The comparison was not that great however there were signs that when you originally got together there was some passion and good times. Your husband does not have an addictive chart in the sense that he can't recover but he does have some strong psychological problems that I believe will require serious counseling. This is probably why he is drowning his sorrows or poor me syndrome in alcohol. Unfortunately for him this is his problem and he is the only one who can solve it. I suggest that you get out and do so now. Make sure that you cover yourself legally and don't be afraid to use the word abusive relationship when you go to your lawyer. Your husband has been abusive by ignoring you to the point that you don't have a loving or even caring relationship. This is a lonely situation to end up in. You will be in a high cycle regarding love next year so I suggest that you get yourself out of this situation as soon as possible so that you have time to reorganize your life, discover what like to do, who you are as a single person and what you want in a partner.
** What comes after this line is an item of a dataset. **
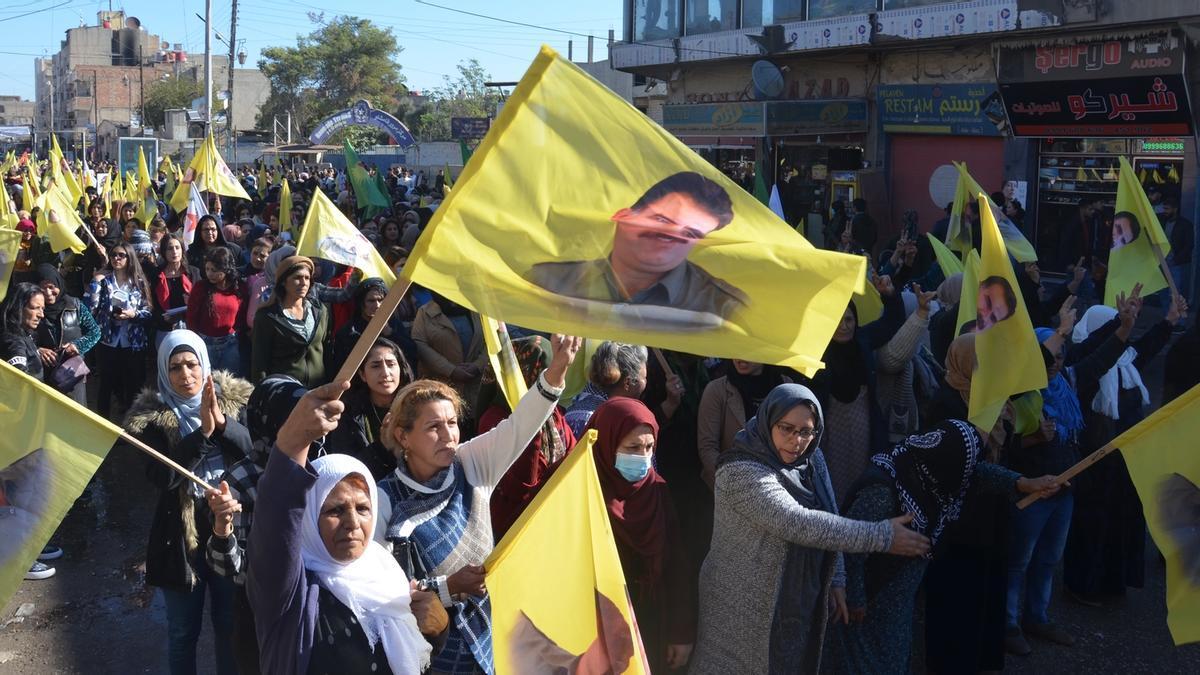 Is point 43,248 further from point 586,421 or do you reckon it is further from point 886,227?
point 886,227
You match up to those born under the signs Taurus, Cancer, Virgo, Scorpio and Capricorn. Get moving and good luck.

Eugenia


Article: Continual Grief

Dear Eugenia,

I was born on Aug. 13 1980 11:45am and I've been dating Michael (Aug. 1 1977 6:52am) for 8 months. Throughout our whole relationship, we have been lacking trust and even cheated on each other on several occasions. I feel a deep hostility and some competition between us, but I love and care for him so much that I agreed for him to stay at my place for 4 months. I broke up with him a month ago because I couldn't bear the lack of trust/jealousy any longer. I miss him a lot and I believe he does too... we haven't discussed our emotions or feelings for each other since we broke up but he calls me almost everyday to see how I'm doing. We both know we have tension between us but we deny it and try to avoid bringing up any issue that will cause emotional stress. I just want to know if there is any hope for us in the future and whether or not "any" type of relationship will work out between us.

Tug of War


Dear Tug of War

Communication is what makes a relationship work and from what I can see he isn't likely to tell you the truth even if he does talk to you. I believe that this relationship shows signs of sorrow that will continually cause you grief. He has the chart of a playboy who will never face emotional problems honestly and who obviously has plenty of opportunity when it comes to picking up women. Please do yourself a favor and move on, you deserve better. Although you did cheat on him as well I do believe that you can and will be honest and loyal if you are with the right partner. You match up well to those born under the signs Taurus, Cancer, Scorpio, Capricorn and Pisces.